Under current federal law, the FTC has the authority to go after both unfair methods of competition and unfair or deceptive practices. Both those mandates could provide an opening for the FTC to look into net neutrality.
For example, the FTC could require a broadband provider to disclose how it manages its network and what speeds it offers. Both ideas are part of the FCC’s plan to bring high-speed broadband to every American home — aspects of the plan now in doubt because of last week’s ruling.
On the competition front, the FTC might have an easier case to bring than antitrust regulators at the Justice Department. While DOJ authority is limited to traditional antitrust theories, the FTC has the more broad “unfair methods of competition” mandate.
If a broadband provider owned some video content and slowed down access to other video content or sped up access to its own, Manishin said, it is easier to characterize that as unfair competition than to bring a traditional antitrust case.
Current and former government officials said a FTC move to regulate net neutrality would make sense given the FTC’s broader statute and the agency’s aggressive approach to its jurisdiction under Chairman Jon Leibowitz’s leadership.
The agency brought its case against chip-maker Intel, for example, under novel legal theories that seek to expand the FTC’s authority. The FTC usually brings antitrust cases based on the settled law of the Sherman and Clayton Acts. But it has independent authority under the FTC Act, and the Intel case uses that independent authority.
Since the recent approach has yet to be tested by the courts, any push into the broadband market might first have to cross a few hurdles.
Still the FTC could have a role to play, said Joel Kelsey, a policy analyst at Consumers Union, if it could prove that a broadband provider was discriminating against some traffic with a clear intent to foreclose or limit potential competition.
The agency could go after providers who were using the power of the Internet to protect legacy businesses and shut out Web-based products like Skype, Hulu, and Netflix that compete with traditional cable and phone subscriptions.

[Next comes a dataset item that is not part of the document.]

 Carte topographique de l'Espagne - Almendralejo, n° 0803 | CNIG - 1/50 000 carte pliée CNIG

But when Comcast interfered with user access that led to the D.C. Circuit ruling, the company argued it was just managing traffic. For the government to prove that a similar case involved a competitive move rather than a business decision would be difficult.

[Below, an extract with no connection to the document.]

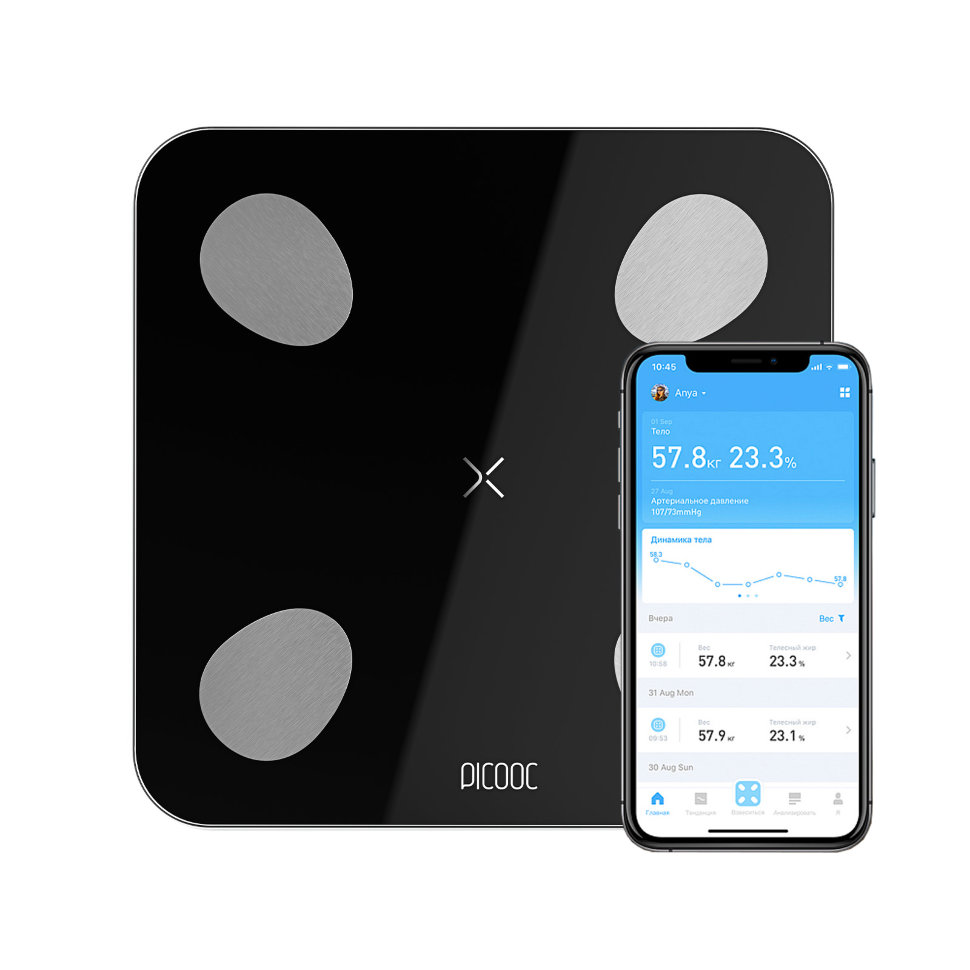 Умные весы Picooc Mini Lite Чёрные Умные весы Picooc Mini Lite Чёрные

“There may be some things that the FTC or the Justice Department could do by way of antitrust enforcement,” said Donald Russell, a DOJ antitrust veteran who is now a partner at Robbins, Russell, Englert, Orseck, Untereiner & Sauber LLP. “But the kinds of practices that often come up under the guise of net neutrality would rarely be a violation of the antitrust laws.”
“Conduct in terms of how you run your business or price your services and what kind of terms you offer, unilateral practices get wide leeway under antitrust law,” he said. “I think in order to achieve the broad objectives of people advocating net neutrality, you have to have congressional action or reclassification.”
“What the FTC could do is pretty minimal,” he added.
When Congress considered updating telecommunications law in 2005, some legislative drafts included language to make violations of net neutrality antitrust violations. According to a Hill aide, the changes never passed the staff level because it was too difficult to craft statutory language identifying what exactly would constitute an antitrust violation.
How successful such a theory might be is an open question. “People said that Microsoft was a crazy case,” the aide said, referring to the shaky start of what turned into the Justice Department’s landmark monopolization case against the software giant in the 1990s. “It would take an aggressive antitrust enforcer [willing to] break some eggs.”